Wikipedia Affiliate Button

Home > Press > NIST Demonstrates First Quantum 'Entanglement' of Ions Using Microwaves

Gold ion trap on aluminum nitride backing. In NIST microwave quantum computing experiments, two ions hover above the middle of the square gold trap, which measures 7.4 millimeters on a side. Scientists manipulate and entangle the ions using microwaves fed into wires on the trap from the three thick electrodes at the lower right.
Credit: Y. Colombe/NIST
Gold ion trap on aluminum nitride backing. In NIST microwave quantum computing experiments, two ions hover above the middle of the square gold trap, which measures 7.4 millimeters on a side. Scientists manipulate and entangle the ions using microwaves fed into wires on the trap from the three thick electrodes at the lower right.

Credit: Y. Colombe/NIST

Abstract:
Physicists at the National Institute of Standards and Technology (NIST) have, for the first time, linked the quantum properties of two separated ions (electrically charged atoms) by manipulating them with microwaves instead of the usual laser beams. The feat raises the possibility of replacing today's complex, room-sized quantum computing "laser parks" with miniaturized, commercial microwave technology similar to that used in smart phones.

NIST Demonstrates First Quantum 'Entanglement' of Ions Using Microwaves

Boulder, CO | Posted on August 17th, 2011

Microwaves have been used in past experiments to manipulate single ions, but the NIST group is the first to position microwaves sources close enough to the ions—just 30 micrometers away—and create the conditions enabling entanglement, a quantum phenomenon expected to be crucial for transporting information and correcting errors in quantum computers.

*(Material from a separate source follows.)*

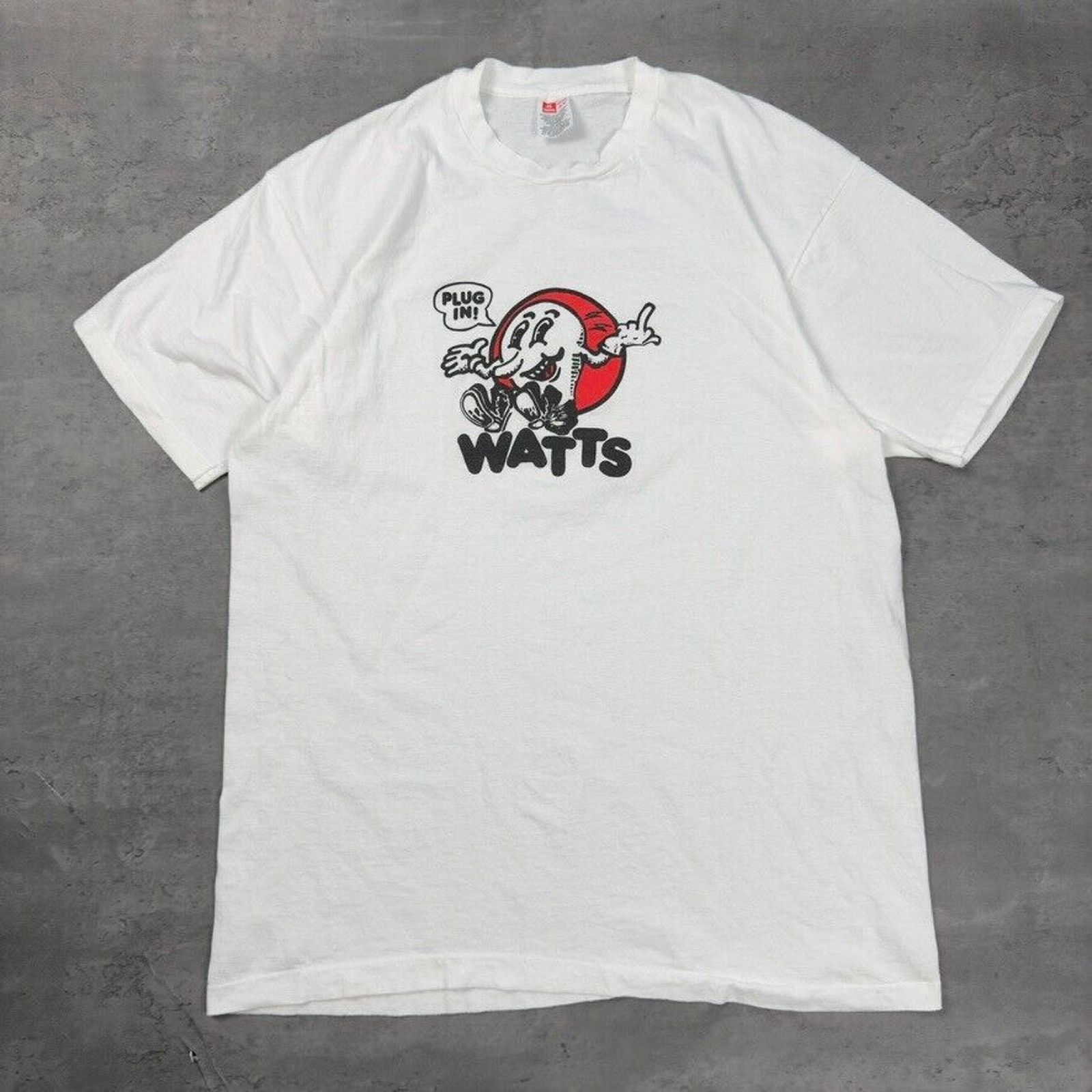 Hanes × Vintage Vintage Watts Plug In Middle Finger Novelty T Shirt 80s Size US L / EU 52-54 / 3 - 1 Thumbnail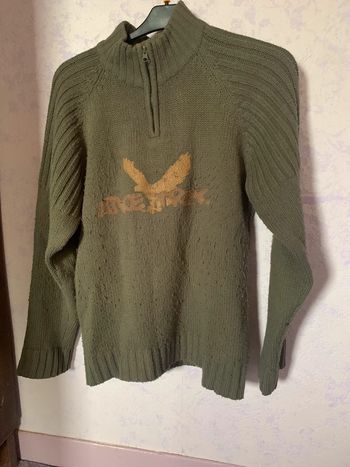 pull homme kaki motif devant taille M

Described in the August 11, 2011, issue of Nature,* the experiments integrate wiring for microwave sources directly on a chip-sized ion trap and use a desktop-scale table of lasers, mirrors and lenses that is only about one-tenth of the size previously required. Low-power ultraviolet lasers still are needed to cool the ions and observe experimental results but might eventually be made as small as those in portable DVD players. Compared to complex, expensive laser sources, microwave components could be expanded and upgraded more easily to build practical systems of thousands of ions for quantum computing and simulations.

"It's conceivable a modest-sized quantum computer could eventually look like a smart phone combined with a laser pointer-like device, while sophisticated machines might have an overall footprint comparable to a regular desktop PC," says NIST physicist Dietrich Leibfried, a co-author of the new paper.

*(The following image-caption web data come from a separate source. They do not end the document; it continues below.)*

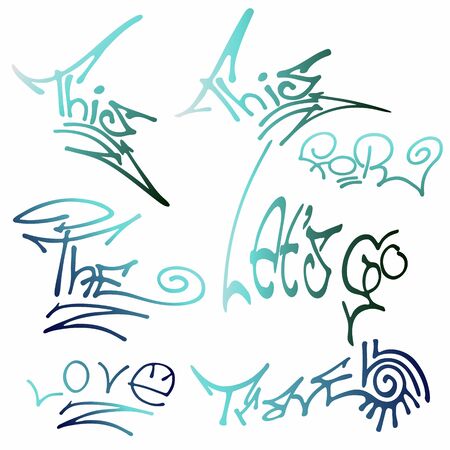 The set of different words- travel, love, forever, for, the, this, lets go. Hand drawn elements for typography, graphic design. Vector clipart.のイラスト素材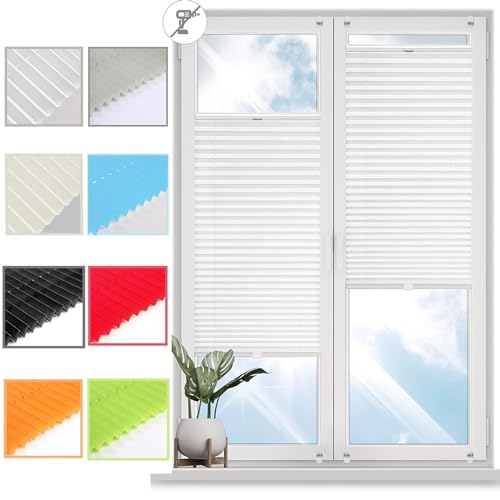 Plissee Klemmfix Plisseerollo 35 x 140 cm Sichtschutz und Sonnenschutz Plissees für Fenster Plissee Blickdichtes Falt-Rollo, für Fenster ohne Bohren, Weiß von YANHONG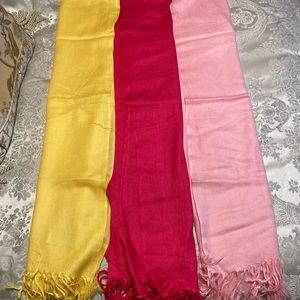 Pashmina Ladies scarfs Yellow Pink Fuchsia And white NWT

Quantum computers would harness the unusual rules of quantum physics to solve certain problems—such as breaking today's most widely used data encryption codes—that are currently intractable even with supercomputers. A nearer-term goal is to design quantum simulations of important scientific problems, to explore quantum mysteries such as high-temperature superconductivity, the disappearance of electrical resistance in certain materials when sufficiently chilled.

Ions are a leading candidate for use as quantum bits (qubits) to hold information in a quantum computer. Although other promising candidates for qubits—notably superconducting circuits, or "artificial atoms"—are manipulated on chips with microwaves, ion qubits are at a more advanced stage experimentally in that more ions can be controlled with better accuracy and less loss of information.

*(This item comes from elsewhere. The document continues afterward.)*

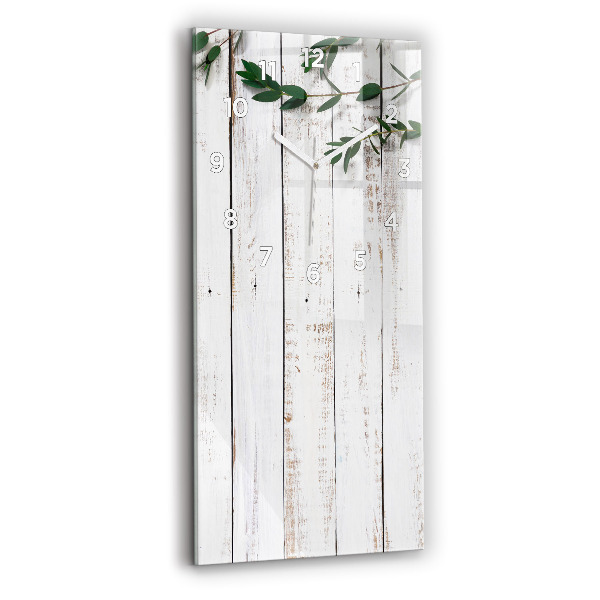 Horloge murale verticale Planches en bois clair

The use of microwaves reduces errors introduced by instabilities in laser beam pointing and power as well as laser-induced spontaneous emissions by the ions. However, microwave operations need to be improved to enable practical quantum computations or simulations. The NIST researchers achieved entanglement 76 percent of the time, well above the minimum threshold of 50 percent defining the onset of quantum properties but not yet competitive with the best laser-controlled operations at 99.3 percent.

The research was supported by the Intelligence Advanced Research Projects Activity, Office of Naval Research, Defense Advanced Research Projects Agency, National Security Agency and Sandia National Laboratories.

For more details, see the NIST Aug. 11 news announcement "NIST Physicists 'Entangle' Two Atoms Using Microwaves for the First Time" at www.nist.gov/pml/div688/microwave-quantum-081011.cfm.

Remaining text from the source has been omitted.